Ich holte an diesem Sommerabend im Jahr 1995 bei Olaf den unbenutzten Stapel frankierter Umschläge ab, die ich im März bei ihm deponiert hatte. Damit sollte er eigentlich die von mir aus den USA (wo ich meine erste Sheryl-Crow-CD gekauft hatte) an ihn nach Berlin geschickten Faxe per Post an diverse faxlose Freunde weiterleiten. Ich hatte aber nur ein einziges Mal diesen Umschlagumweg benutzt.
Die Abende bei Olaf enden immer mit dem Besuch eines mir noch nicht bekannten Lokals. Diesmal im Kumpelnest. Mit den Kuverts in der Jackentasche saß ich zwischen Olaf und seiner Freundin am Tresen und trank Gin-Tonic. Ich ließ den Blick hin und wieder zu einem Pärchen schweifen, das auf den bequemeren Plätzen im ziemlich dunklen Teil der Kneipe herum lümmelte. Sie sahen beide so finster aus und sprachen so wenig, dass ich mir bald ernstlich Sorgen um ihre Beziehung machte. Das Zeug in ihren Gläsern sah ungefähr so aus wie mein Gin-Tonic, aber sie tranken es viel schneller als ich. Nachdem sich meine Augen sich an das Dämmerlicht gewöhnt hatten, kam mir das Gesicht der Frau irgendwie bekannt vor. Nach einer halben Stunde verstohlener Blicke glaubte ich eine gewisse Ähnlichkeit mit Sheryl Crow zu entdecken, die ich schon seit einem Jahr furchtbar gern mal getroffen hätte. Na ja, dachte ich, schöner Quatsch. Erstens ist die in den USA, zweitens würde die als Star nie ins Kumpelnest gehen und drittens hat die nicht so kurze Haare. Sie hat im Gegenteil eine wunderbare Blondlockenwuschelmähne.
Zweifel blieben. Zumal ich irgendwann mitbekam, dass die beiden Finsterlinge sich auf englisch vollnölten.

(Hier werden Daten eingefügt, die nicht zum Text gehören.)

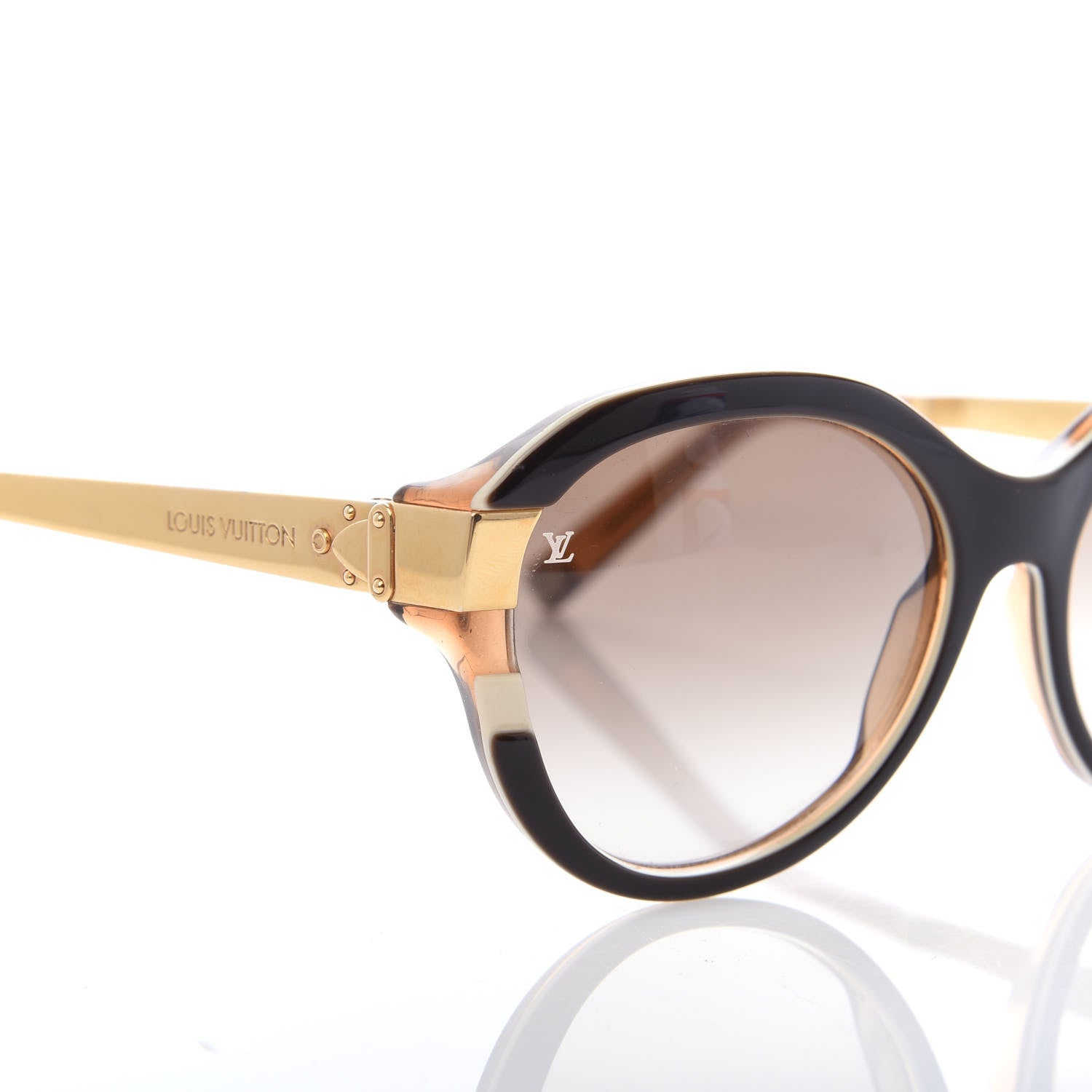 Louis Vuitton Petit Soupcon Cat Eye Sunglasses Z0487W Brown 7 of 8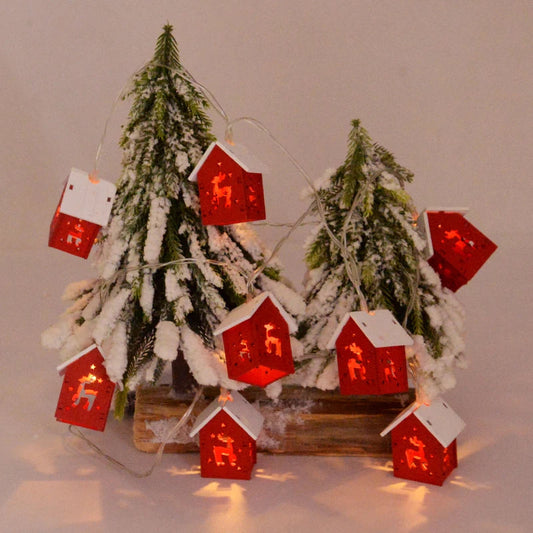 Led-Weihnachtshäuser Aus Holz Mit Festlicher Beleuchtung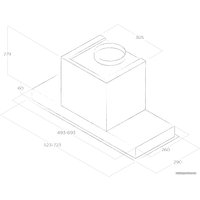 Кухонная вытяжка Elica Hidden 2.0 IXGL/A/60 PRF0097676A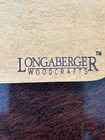 Longaberger Woodcrafts Bread Cracker Basket Divider Approx  7       X 5    Warm Brown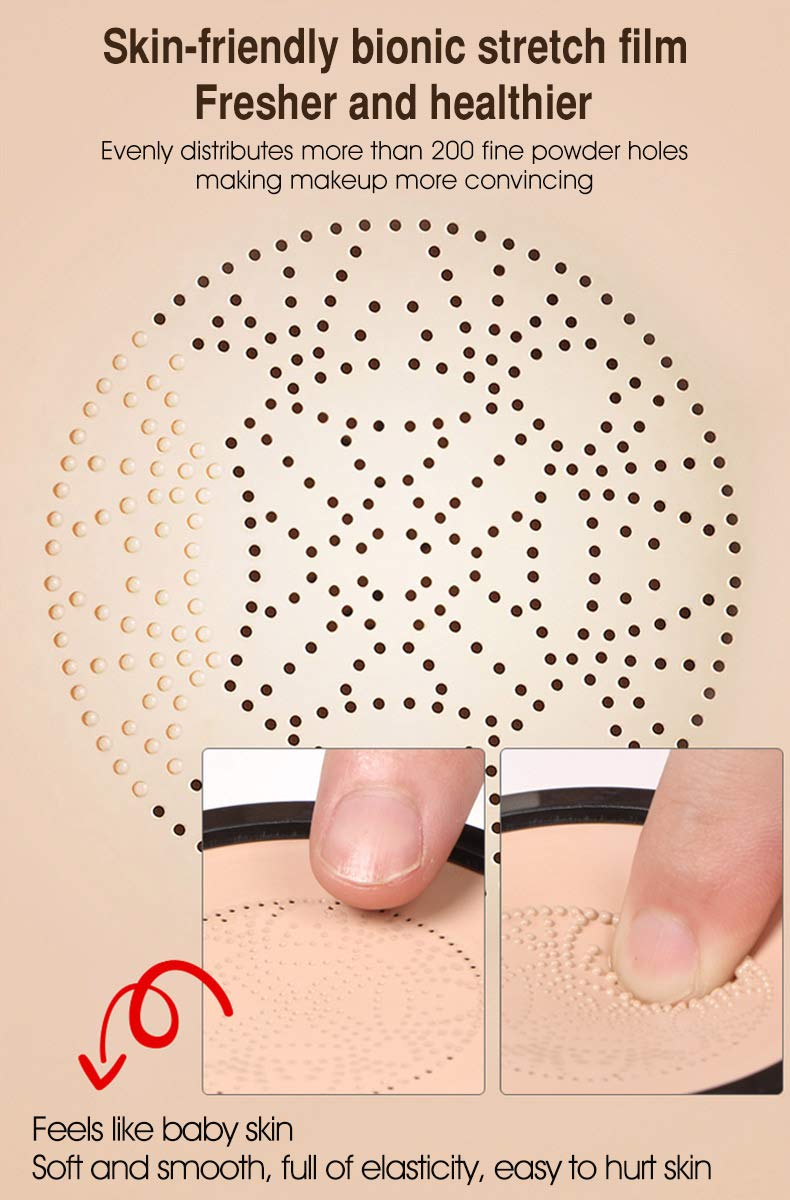 Aooba Air Cushion CC Cream Moisturizing Concealer Mushroom Head Brush Waterproof Makeup Foundation Moisture BB Cream for Women Girls (flower)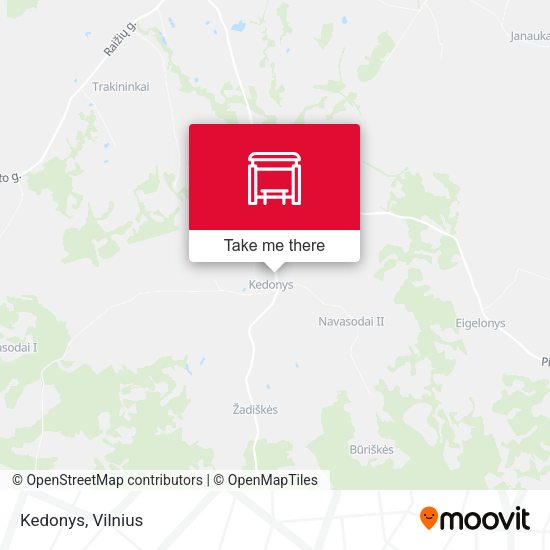 Карта Kedonys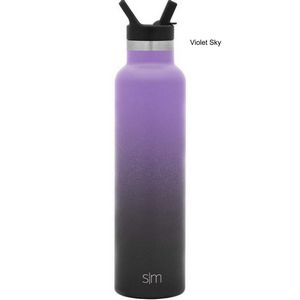24 oz Simple Modern® Stainless Steel Insulated Ascent Water Bottle w/ Straw Lid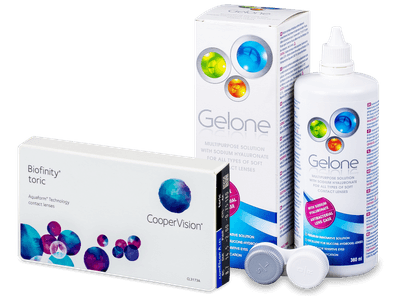 Biofinity Toric (6 Linsen) + Gelone 360ml - Spar-Set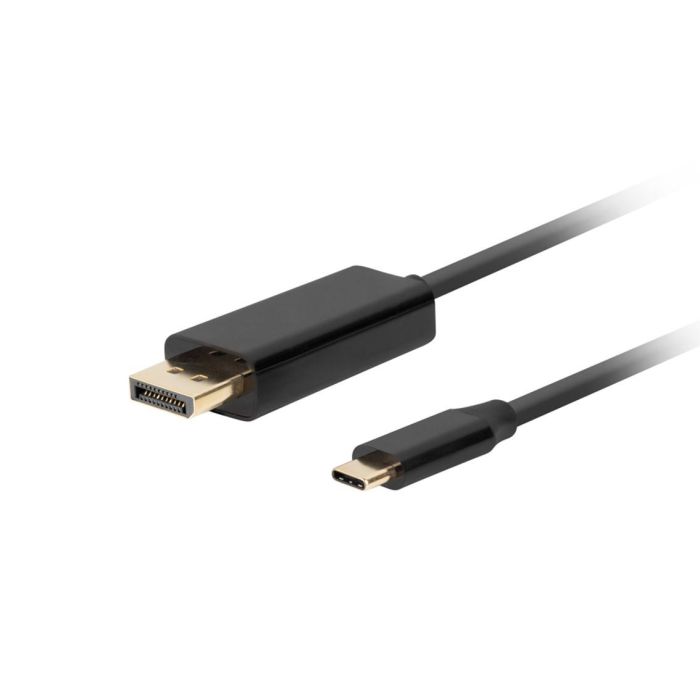 Lanberg CA-CMDP-10CU-0005-BK adaptador de cable de vídeo 0,5 m USB Tipo C DisplayPort Negro 1 Lanberg CA-CMDP-10CU-0005-BK adaptador de cable de vídeo 0,5 m USB Tipo C DisplayPort Negro 1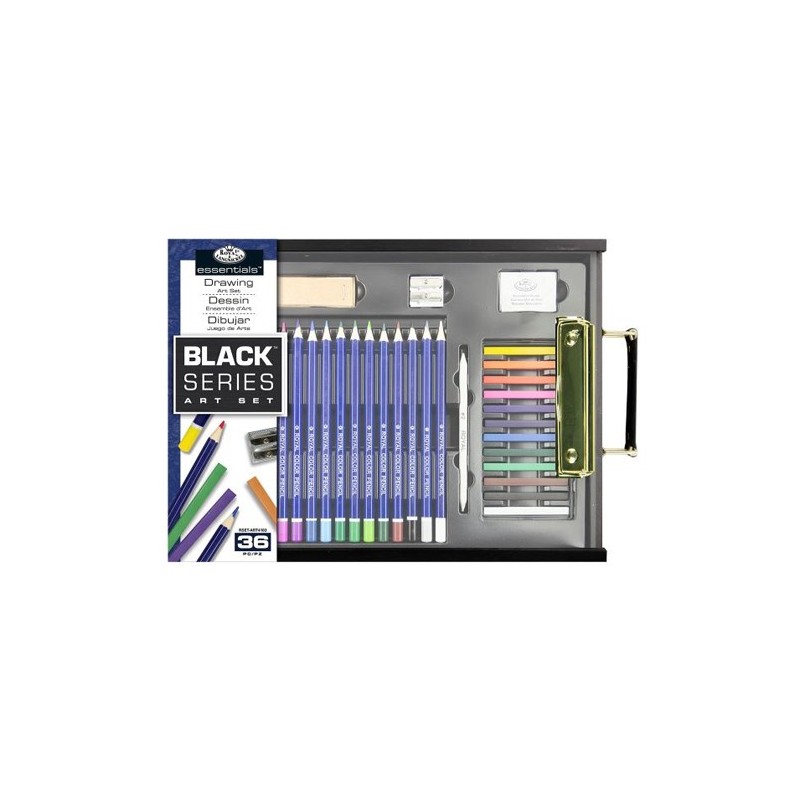 Material Bellas Artes - Pintura - Set de dibujo Black Series (36 piezas), Royal&Langnickel ** | totenart.com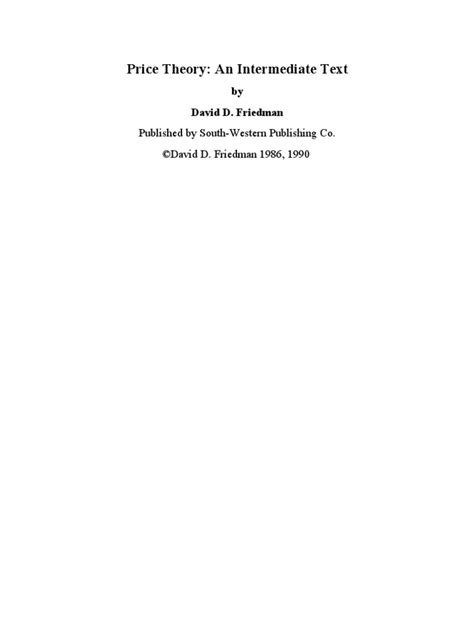 price theory an intermediate text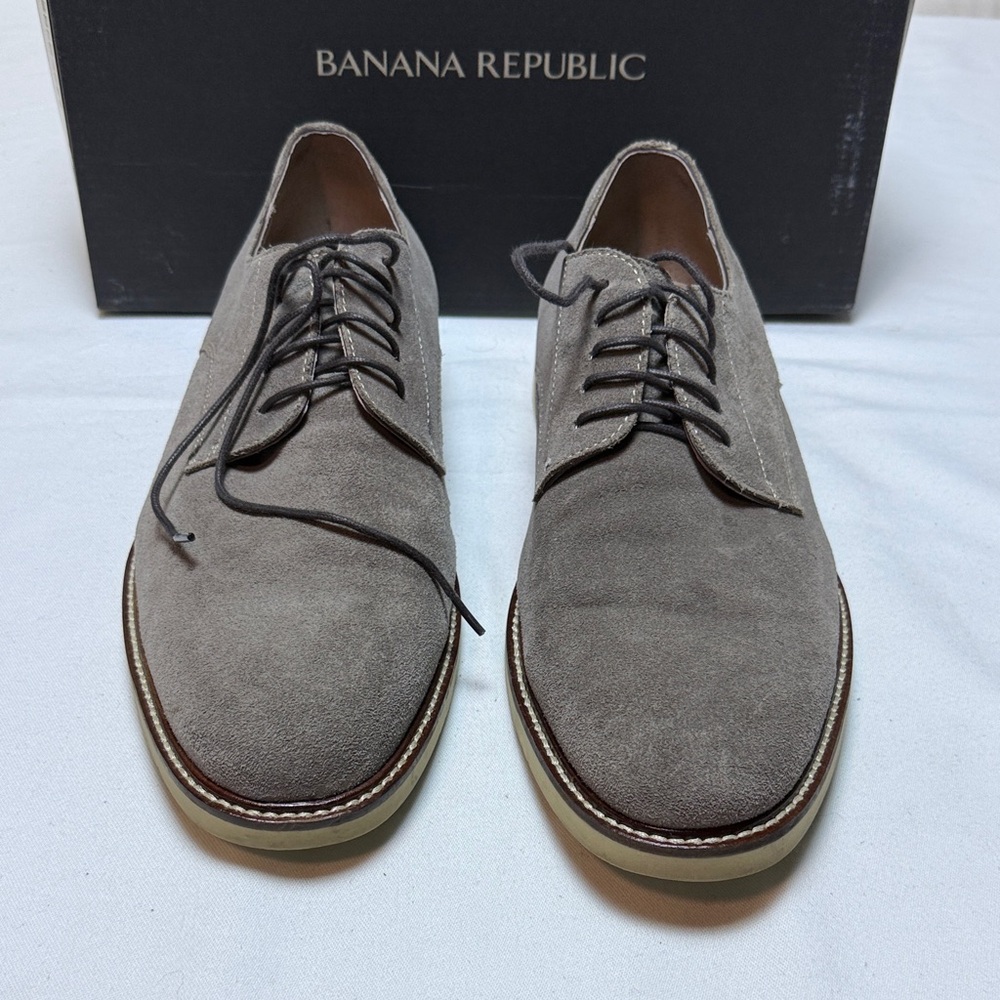 Banana Republic Mens Owen Oxford Size 11 - Grey
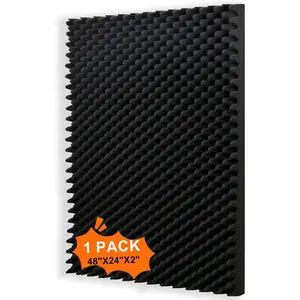 1 pack, 48x24x2 inches acoustic  panels Egg Crate  Padding sound proof panels for walls Soundproof  Studio Acoustic  Studio  panels Soundproofing  to Absorb Echoes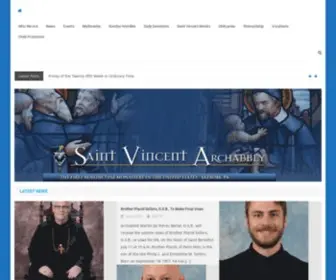 Saintvincentarchabbey.org(Saint Vincent Archabbey) Screenshot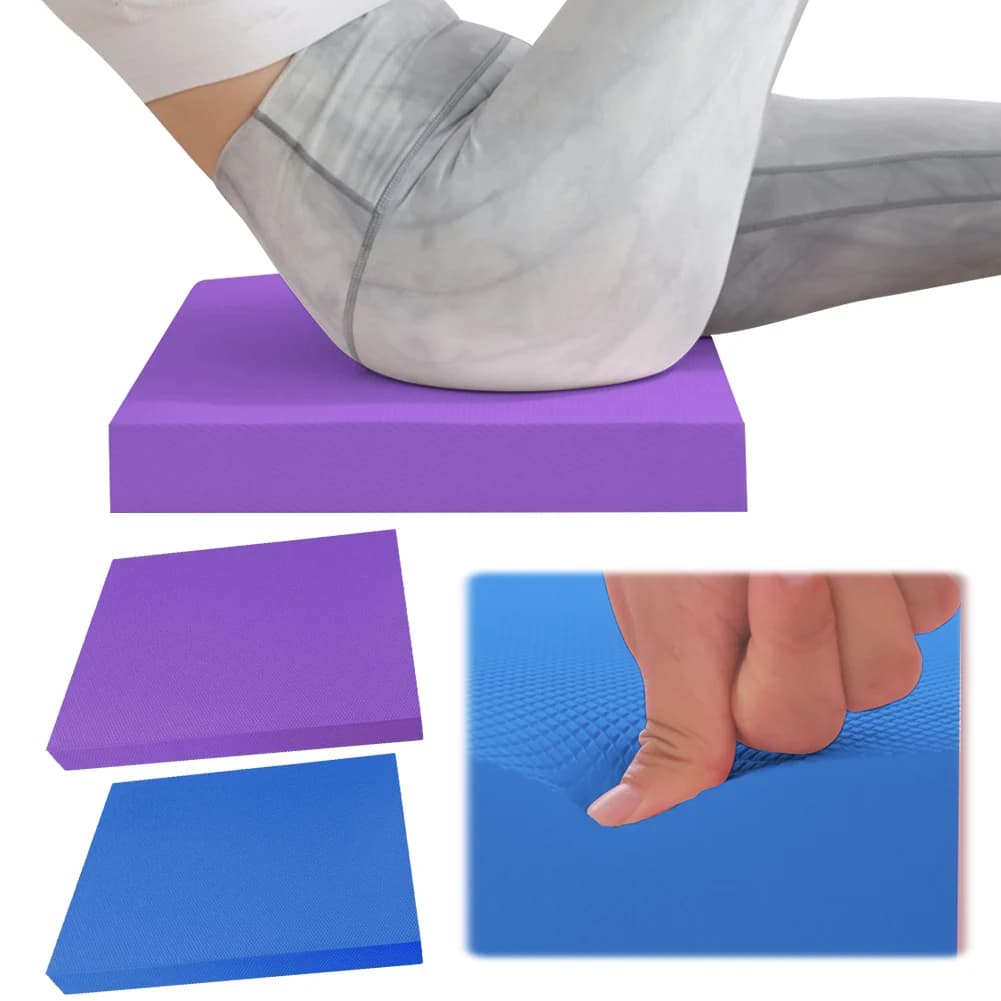 Anti-slip Yoga Balance Bearing, Foam Mat for Fitness Exercises, Pilates and Stretching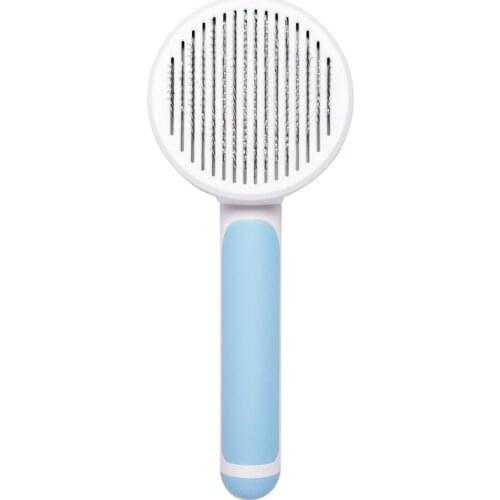Dog Hair Removal Comb Grooming Cats Comb Pet Products Cat Flea Comb Pet Comb for Dogs Grooming Toll Automatic Hair Brush Trimmer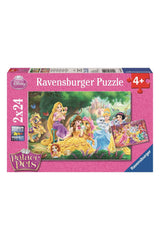 Ravensburger 2x24 Parçalı Puzzle Prenses´in Arkadasları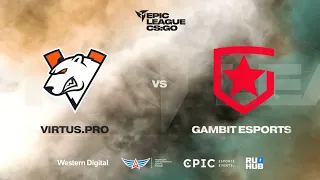 Virtus.pro vs Gambit - EPIC CIS League Spring 2021 - map4 - de_overpass [CrystalMay & Gromjkeee]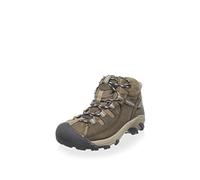 KEEN Targhee 2 Mid Waterproof, Stivali da Escursionismo Donna, Slate Black/Flint Stone, 40.5 EU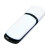 USB 3.0- флешка на 64 Гб с цветными вставками белый/черный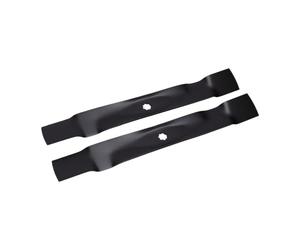 Goshyda Lot de 2 Lames de Rechange pour Tondeuse Deere E100 E110 E120 E130 X300 106,7 Cm, Lames de Paillage en Acier au Carbone avec Trou Central en étoile à Sept Points, Longueur 21-3/8", OEM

Am nächsten Abend nahm mich meine geschätzte Kollegin Antje zu einem Konzert in die Waldbühne mit. Ich kann Rod Stewart sonst nur dreimal pro Jahr im Radio ertragen, aber wenn man seit Monaten einer Verflossenen nachheult, dann schlägt man einer geschätzten Kollegin nichts ab. Was mir Antje verschwiegen hatte, war das Vorprogramm. Da kamen so ein paar total lässige Jeansjungen auf die Bühne, und dann kam da noch eine junge Frau, auch in Jeans und - mit kurzen Haaren. Und die sang wie Sheryl Crow. Weil sie es war! Und weil die jetzt ganz offensichtlich die Blondlockenwuschelmähne abgeschnitten hatte.
Ich habe dann noch sehr lange darüber nachgedacht, wie der vorhergehende Abend eigentlich hätte verlaufen sollen.